# "Nimrod" Variation



## MarkW (Feb 16, 2015)

This is just a casual question. I have long enjoyed Elgar's "Enigma" Variations. Even sat in the front row when Solti/CSO played it during a tour concert long ago and was nearly blown through my seat back. The variation nicknamed "Nimrod" is especially beloved -- powerful, majestic, regal -- and seems to have a totemic, almost holy status in the UK, Is this true? And is there any story behind why?
cheers -


----------



## Tchaikov6 (Mar 30, 2016)

As far as I know, the only story is of Elgar's dear friend, who he took a night walk with, and it changed him as a composer forever. For me, the music doesn't need a story, it so beautiful, so soulful- and I too will be seeing the CSO perform it this January, though sadly not with Solti of course.


----------



## mbhaub (Dec 2, 2016)

Not just a friend: It was August Jaeger who was an editor at Novello music publishing who was a great source of encouragement and solace to Elgar. It was at Jaeger's behest that much of Elgar's music was written and polished. The original ending of the entire work was quite abrupt - it was Jaeger who had him add a significantly longer ending. Elgar trusted Jaeger's musical and ethical sensibility; they were quite close.

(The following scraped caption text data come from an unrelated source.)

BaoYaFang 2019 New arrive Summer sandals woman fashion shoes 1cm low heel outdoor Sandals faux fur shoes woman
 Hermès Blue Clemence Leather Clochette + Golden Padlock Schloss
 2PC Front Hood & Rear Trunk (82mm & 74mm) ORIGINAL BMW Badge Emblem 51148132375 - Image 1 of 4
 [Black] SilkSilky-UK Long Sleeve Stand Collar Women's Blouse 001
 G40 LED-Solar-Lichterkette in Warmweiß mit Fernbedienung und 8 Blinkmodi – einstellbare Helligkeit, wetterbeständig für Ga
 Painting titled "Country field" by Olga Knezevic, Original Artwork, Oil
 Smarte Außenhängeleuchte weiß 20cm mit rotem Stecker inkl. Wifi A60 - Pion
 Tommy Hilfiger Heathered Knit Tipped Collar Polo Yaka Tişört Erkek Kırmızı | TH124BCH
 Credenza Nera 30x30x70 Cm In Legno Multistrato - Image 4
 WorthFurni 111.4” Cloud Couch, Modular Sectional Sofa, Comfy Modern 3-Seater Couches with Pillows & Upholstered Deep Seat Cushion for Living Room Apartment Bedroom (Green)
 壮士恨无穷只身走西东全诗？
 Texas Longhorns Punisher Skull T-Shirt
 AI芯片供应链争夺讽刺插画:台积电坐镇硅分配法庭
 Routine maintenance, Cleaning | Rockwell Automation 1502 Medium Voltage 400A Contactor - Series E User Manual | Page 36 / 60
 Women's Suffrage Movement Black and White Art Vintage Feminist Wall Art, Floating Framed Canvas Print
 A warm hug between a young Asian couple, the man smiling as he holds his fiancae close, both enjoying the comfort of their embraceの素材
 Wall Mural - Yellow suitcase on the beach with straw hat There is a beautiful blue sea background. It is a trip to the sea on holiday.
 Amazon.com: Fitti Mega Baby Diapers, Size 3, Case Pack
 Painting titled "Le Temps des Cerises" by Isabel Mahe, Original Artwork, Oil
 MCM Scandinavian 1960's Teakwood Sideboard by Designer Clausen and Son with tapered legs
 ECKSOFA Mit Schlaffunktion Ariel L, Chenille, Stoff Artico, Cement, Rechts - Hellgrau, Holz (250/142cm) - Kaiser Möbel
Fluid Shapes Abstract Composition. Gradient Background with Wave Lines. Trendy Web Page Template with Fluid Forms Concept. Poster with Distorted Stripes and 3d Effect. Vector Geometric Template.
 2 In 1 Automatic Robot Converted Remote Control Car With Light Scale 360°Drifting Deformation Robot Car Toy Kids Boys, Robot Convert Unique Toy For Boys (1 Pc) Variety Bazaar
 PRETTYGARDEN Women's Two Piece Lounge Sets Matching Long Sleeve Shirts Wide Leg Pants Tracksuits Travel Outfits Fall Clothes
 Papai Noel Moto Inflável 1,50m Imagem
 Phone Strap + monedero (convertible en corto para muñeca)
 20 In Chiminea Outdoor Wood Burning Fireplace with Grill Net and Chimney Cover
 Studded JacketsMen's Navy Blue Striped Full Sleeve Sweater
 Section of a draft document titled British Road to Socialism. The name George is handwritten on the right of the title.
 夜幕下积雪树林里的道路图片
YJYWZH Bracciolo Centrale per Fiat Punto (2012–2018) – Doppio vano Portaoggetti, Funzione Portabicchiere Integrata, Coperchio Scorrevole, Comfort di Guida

Since Elgar's time, this grandly noble variation has been a de facto work to play in honor of people, after tragic events, etc. An orchestra I was with back in 2001 had a concert scheduled the weekend following 9/11 - Nimrod was added into the program in honor of the dead; there were a lot of tears in the audience and the orchestra. It is a profoundly moving piece. "Nimrod" was the name of someone in the Bible who was a hunter and the German word for hunter is Jaeger. Elgar loved word puzzles.


----------



## Gallus (Feb 8, 2018)

MarkW said:


> The variation nicknamed "Nimrod" is especially beloved -- powerful, majestic, regal -- and seems to have a totemic, almost holy status in the UK, Is this true? And is there any story behind why?


Firstly and obviously, because it is a great piece of music.

Secondly, because Elgar is our national composer, being the first indisputably great one we produced since the death of Purcell 200 years earlier. His face was on the 20 pound note for some time recently, e.g.. And when I listen to his symphonies, his violin concerto and so on, including Nimrod, which is his most popular piece (perhaps after Pomp and Circumstance No. 1, which is almost a second national anthem, and I guess he also reorchestrated Parry's setting of Jerusalem if you want to count that), Elgar's music does feel very English to me. It embodies a certain side of the English national character as we may like to imagine ourselves: our quiet nobility in the face of adversity, that "keep calm and carry on" Blitz spirit, which is what the Nimrod variation is about very strongly. This might be partly why Elgar is one of the composers I feel the most affinity with, other composers I admire more but Elgar is to me a dear and intimate friend.


----------



## MarkW (Feb 16, 2015)

Thank you all! .


----------



## wkasimer (Jun 5, 2017)

BTW, for a detailed examination of the Enigma Variations, try this podcast:

https://stickynotespodcast.libsyn.com/episode-32-elgar-enigma-variations


----------



## Enthusiast (Mar 5, 2016)

I hate to be unpatriotic but it is just a beautiful piece of music. It is not especially English and I am very suspicious of any claims that it has totemic status or is almost holy for my compatriots - even if one of them makes the claim! As a country we were a musical desert for centuries and Elgar, followed by Vaughan Williams and those who followed his lead, marked an end to that bleak period. But it was only with the arrival of Ben Britten that British music came into its own again. What a shame, then, but how very British, that many of his countrymen loathe _his _music.


----------